Data provided:
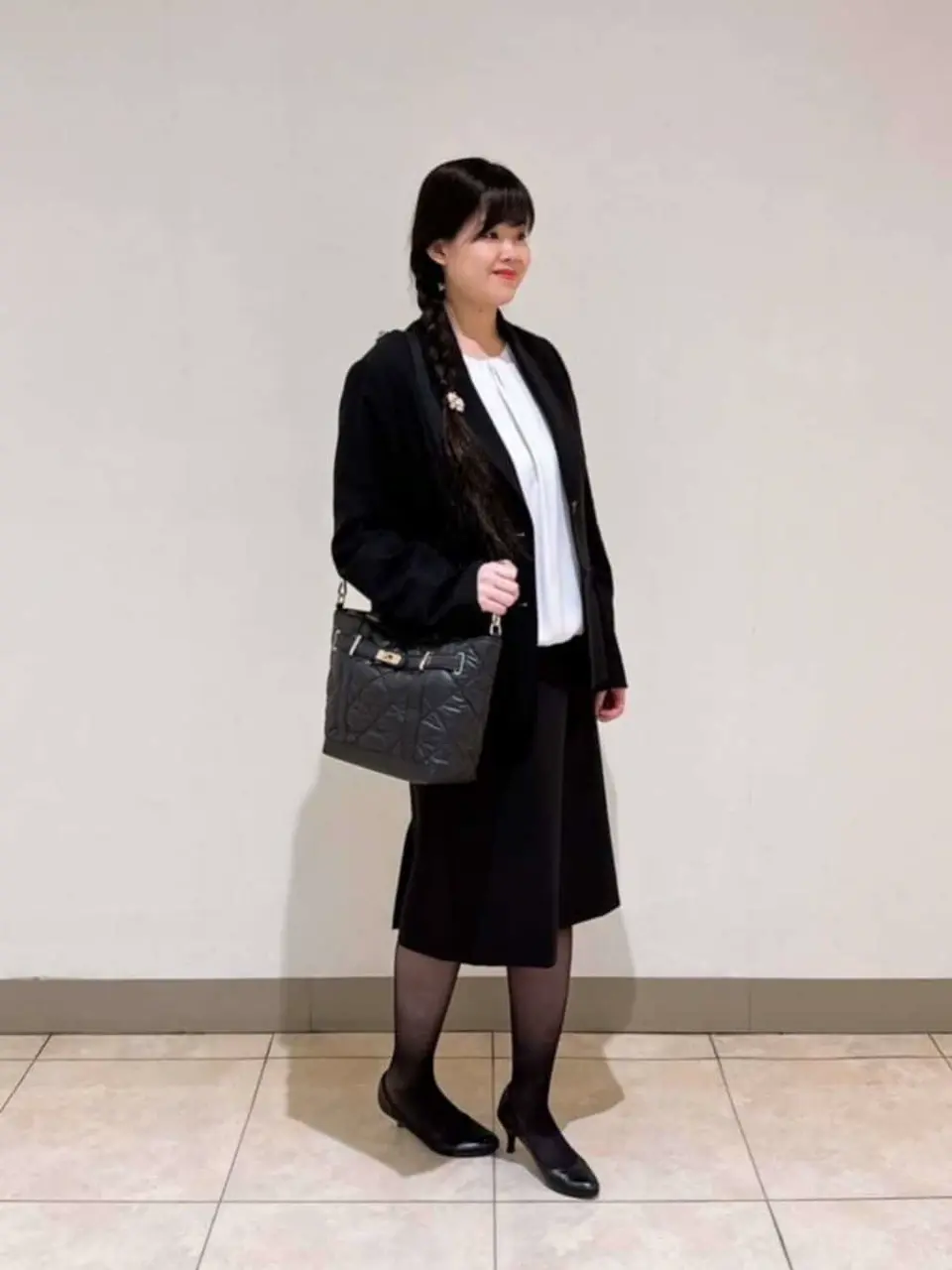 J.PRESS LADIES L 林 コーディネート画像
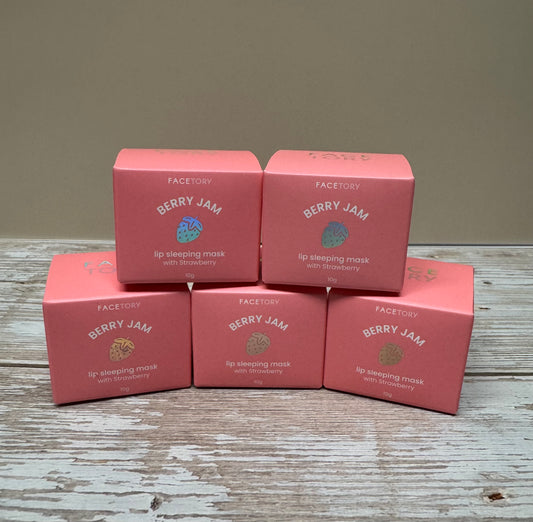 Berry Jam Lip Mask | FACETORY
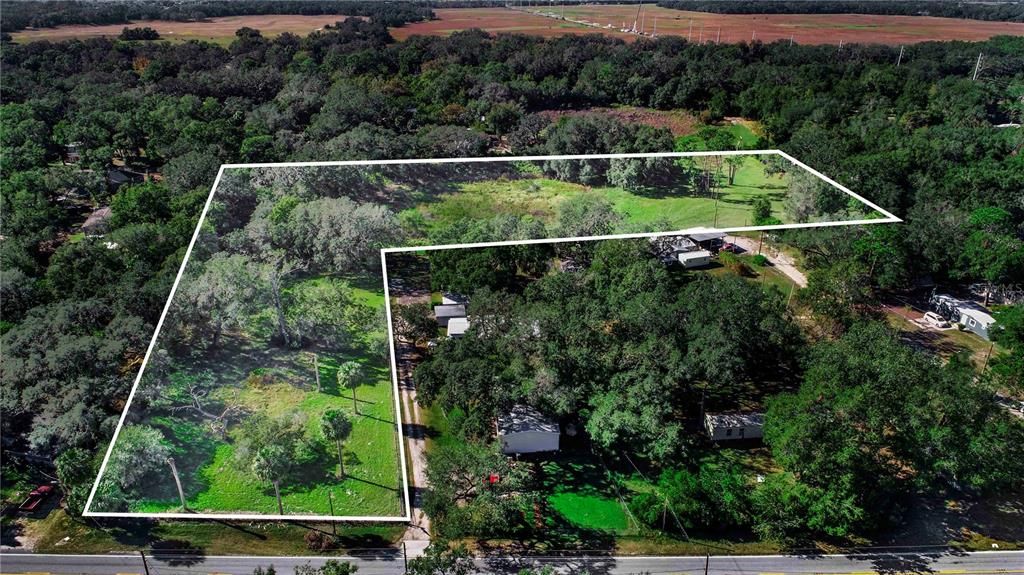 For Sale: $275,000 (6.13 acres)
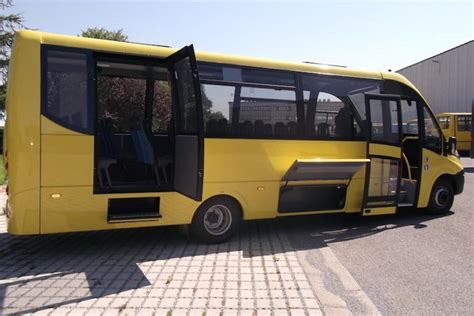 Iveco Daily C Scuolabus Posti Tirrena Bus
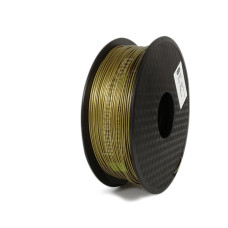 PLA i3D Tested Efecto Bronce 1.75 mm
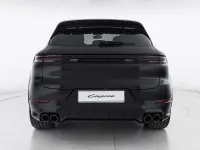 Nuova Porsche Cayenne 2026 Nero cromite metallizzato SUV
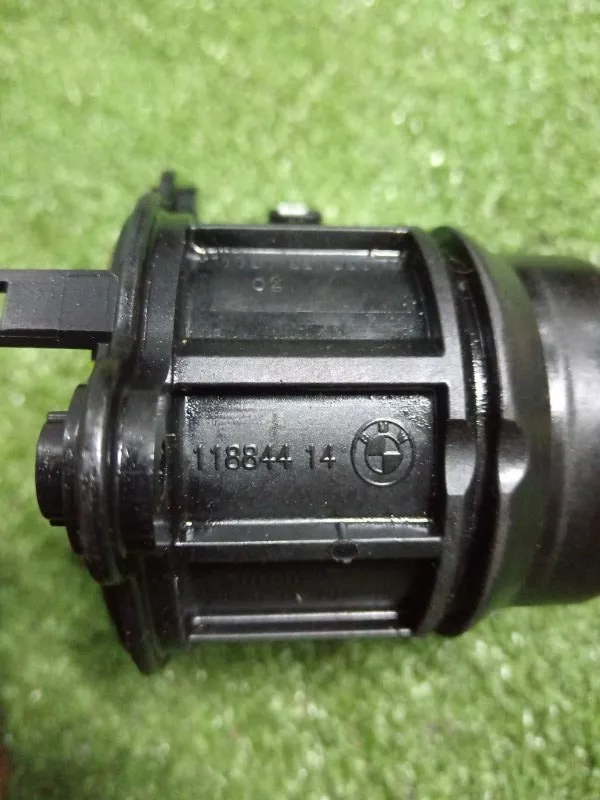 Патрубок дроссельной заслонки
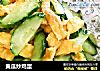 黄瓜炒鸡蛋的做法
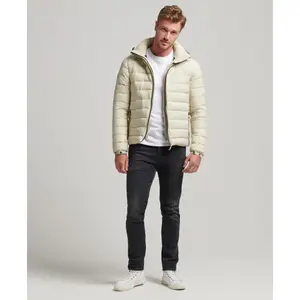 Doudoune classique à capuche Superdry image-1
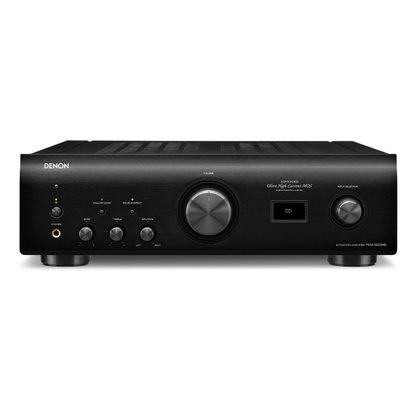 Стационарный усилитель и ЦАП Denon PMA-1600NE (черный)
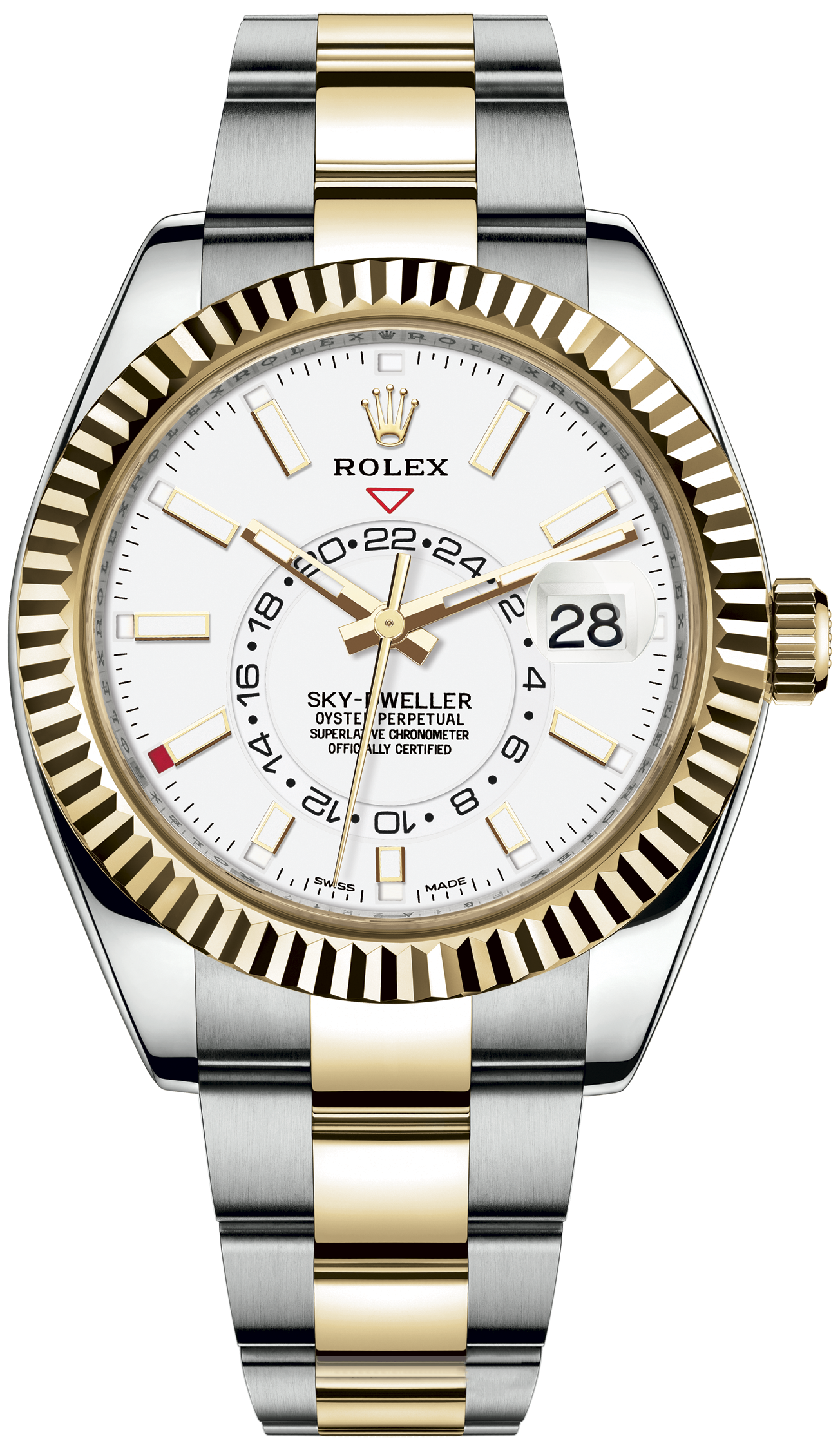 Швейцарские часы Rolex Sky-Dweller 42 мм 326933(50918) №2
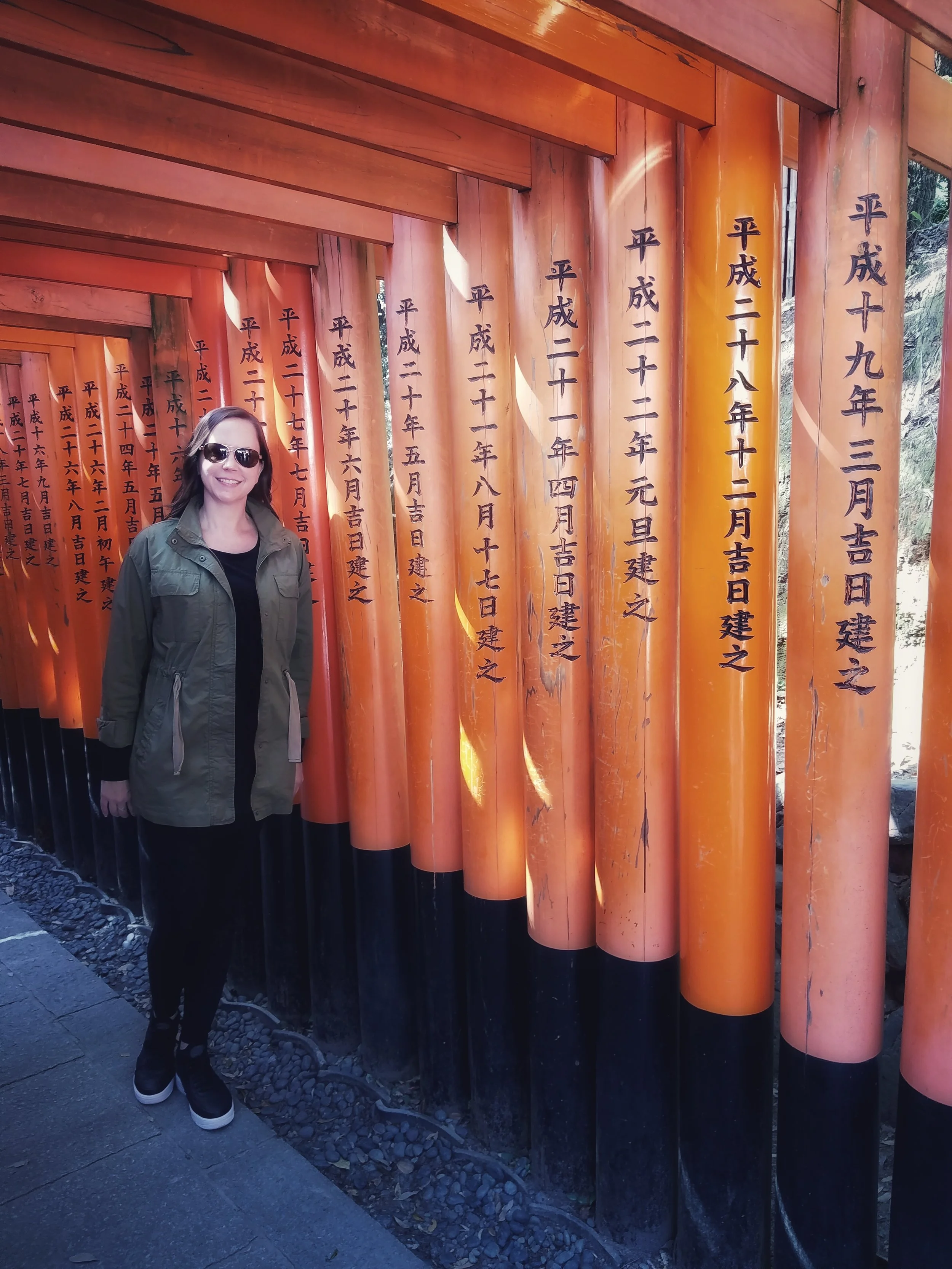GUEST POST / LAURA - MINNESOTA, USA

Work task: An exact reproduction of the lines from the line containing "Швейцарские часы Rolex" through the end of the listing above is needed; pictures stay out.

The answer:
 Швейцарские часы Rolex Sky-Dweller 42 мм 326933(50918) №2
GUEST POST / LAURA - MINNESOTA, USA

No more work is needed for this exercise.